> Dataset records
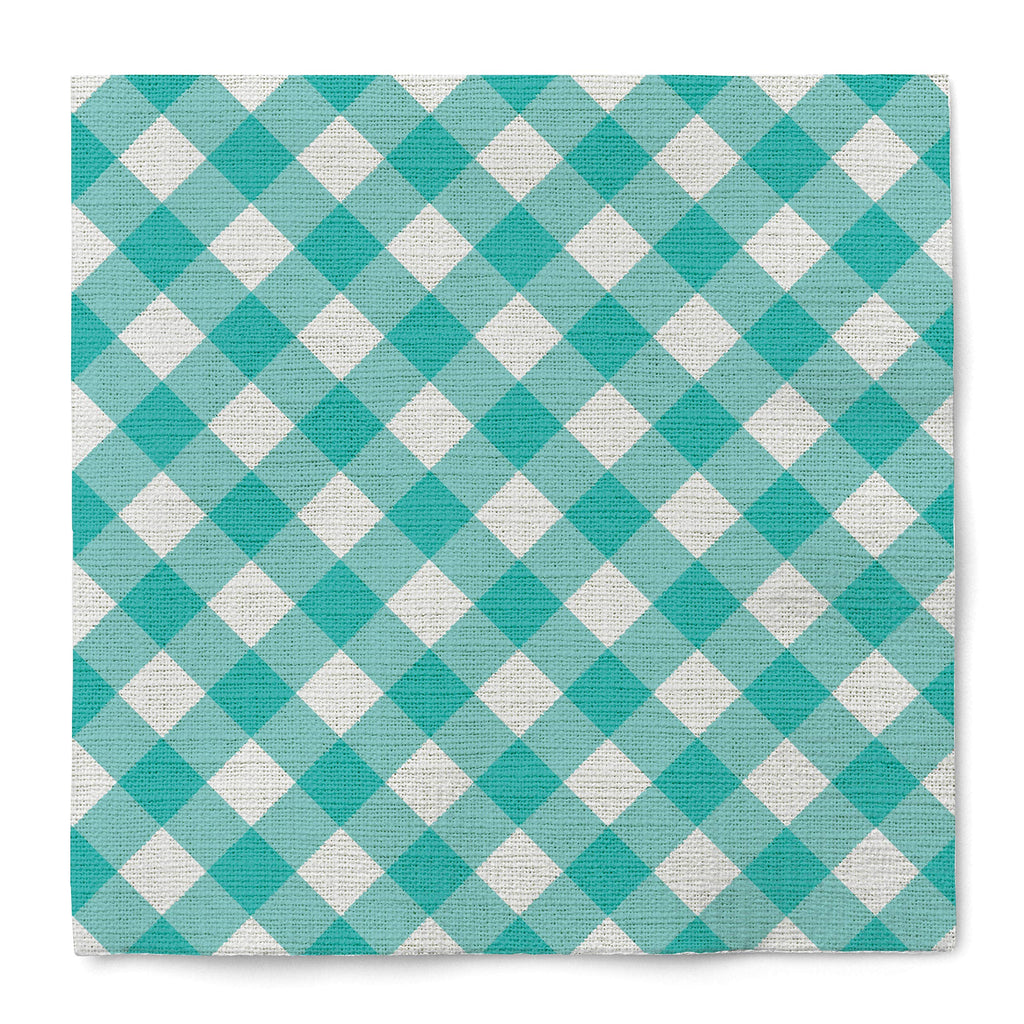 [Australia - AusPower] - Graphique Gingham Teal Cocktail Napkins – Pack of 20 – Soft, Triple-Ply, Disposable Beverage Napkins, Great for Parties, Picnics and Hosting in Style 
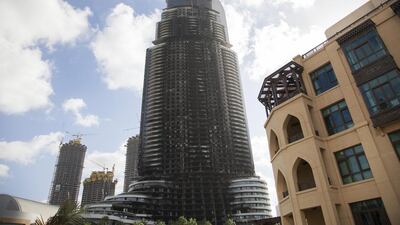 The Address Downtown Dubai hotel after the New Year's Eve fire. (Razan Alzayani / Bloomberg)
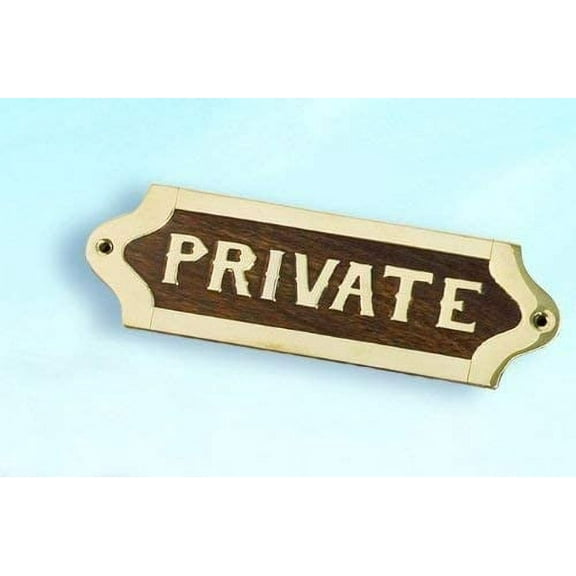 Nagina International 6" x 2" Wooden Sign, Private
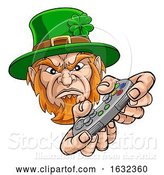 Vector Illustration of Leprechaun Gamer Mascot and Video Games Controller by AtStockIllustration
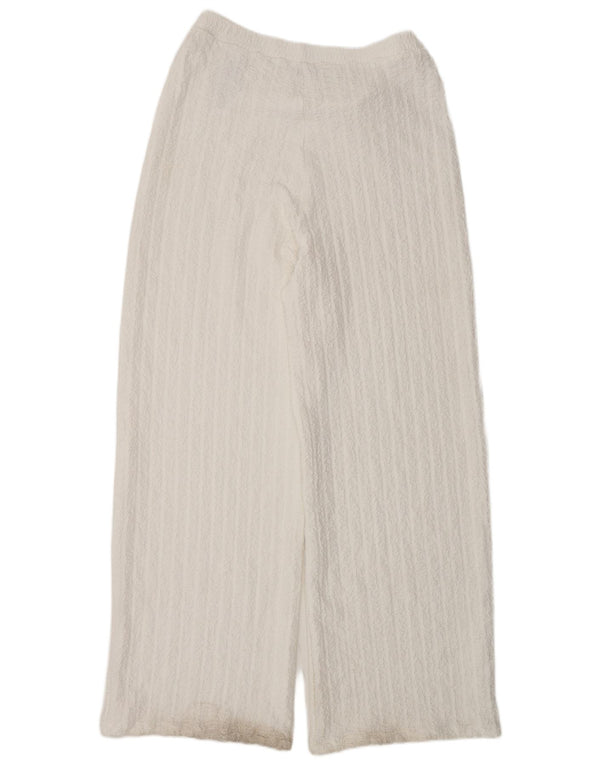 Marks & Spencer Womens Wide Leg Casual Trousers UK 12 Medium W30 L32 White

> Task instructions
All of the lines above should be printed exactly, minus the pictures.

> The completed task
 [Australia - AusPower] - Graphique Gingham Teal Cocktail Napkins – Pack of 20 – Soft, Triple-Ply, Disposable Beverage Napkins, Great for Parties, Picnics and Hosting in Style 
 The Address Downtown Dubai hotel after the New Year's Eve fire. (Razan Alzayani / Bloomberg)
 Nagina International 6" x 2" Wooden Sign, Private
 Vector Illustration of Leprechaun Gamer Mascot and Video Games Controller by AtStockIllustration
 Marks & Spencer Womens Wide Leg Casual Trousers UK 12 Medium W30 L32 White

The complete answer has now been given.